• Exercise inputs:

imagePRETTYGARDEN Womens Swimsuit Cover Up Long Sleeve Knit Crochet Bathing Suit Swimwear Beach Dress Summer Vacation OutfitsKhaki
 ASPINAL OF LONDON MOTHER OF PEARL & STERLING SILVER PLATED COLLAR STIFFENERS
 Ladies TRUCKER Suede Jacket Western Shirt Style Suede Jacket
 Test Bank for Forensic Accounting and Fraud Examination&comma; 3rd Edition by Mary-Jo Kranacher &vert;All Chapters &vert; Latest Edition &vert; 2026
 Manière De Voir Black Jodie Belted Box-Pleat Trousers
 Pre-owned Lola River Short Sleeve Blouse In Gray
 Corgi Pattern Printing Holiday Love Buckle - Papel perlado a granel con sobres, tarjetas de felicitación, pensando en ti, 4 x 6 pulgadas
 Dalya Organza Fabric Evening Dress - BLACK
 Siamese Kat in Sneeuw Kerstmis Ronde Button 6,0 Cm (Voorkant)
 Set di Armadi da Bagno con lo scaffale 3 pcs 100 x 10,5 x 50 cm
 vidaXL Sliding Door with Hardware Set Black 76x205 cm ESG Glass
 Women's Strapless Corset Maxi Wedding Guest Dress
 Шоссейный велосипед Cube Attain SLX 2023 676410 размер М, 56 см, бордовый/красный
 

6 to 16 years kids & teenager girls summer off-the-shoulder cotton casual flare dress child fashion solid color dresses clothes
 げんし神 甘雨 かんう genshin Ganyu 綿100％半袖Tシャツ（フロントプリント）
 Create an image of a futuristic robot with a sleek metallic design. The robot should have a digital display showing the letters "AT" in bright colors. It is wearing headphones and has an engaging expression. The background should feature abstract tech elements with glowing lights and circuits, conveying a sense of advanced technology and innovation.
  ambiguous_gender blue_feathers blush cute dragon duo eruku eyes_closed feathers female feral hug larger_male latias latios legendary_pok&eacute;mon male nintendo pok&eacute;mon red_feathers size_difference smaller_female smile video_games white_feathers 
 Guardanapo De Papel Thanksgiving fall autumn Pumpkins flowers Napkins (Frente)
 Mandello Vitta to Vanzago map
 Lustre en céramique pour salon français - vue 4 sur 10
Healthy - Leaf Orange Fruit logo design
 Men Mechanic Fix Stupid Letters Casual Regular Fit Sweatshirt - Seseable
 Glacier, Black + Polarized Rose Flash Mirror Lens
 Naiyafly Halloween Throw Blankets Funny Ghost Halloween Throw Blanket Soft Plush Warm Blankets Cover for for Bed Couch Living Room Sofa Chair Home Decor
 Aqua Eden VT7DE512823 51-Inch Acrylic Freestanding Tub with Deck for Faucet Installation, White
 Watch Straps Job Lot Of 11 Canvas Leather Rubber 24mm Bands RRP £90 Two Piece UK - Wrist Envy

• Work required: From the listing above, the lines starting with the one that has "6 to 16 years" and running through the one that has "げんし神 甘雨 かんう" should be copied exactly, ends included.

• Exercise solution:
6 to 16 years kids & teenager girls summer off-the-shoulder cotton casual flare dress child fashion solid color dresses clothes
 げんし神 甘雨 かんう genshin Ganyu 綿100％半袖Tシャツ（フロントプリント）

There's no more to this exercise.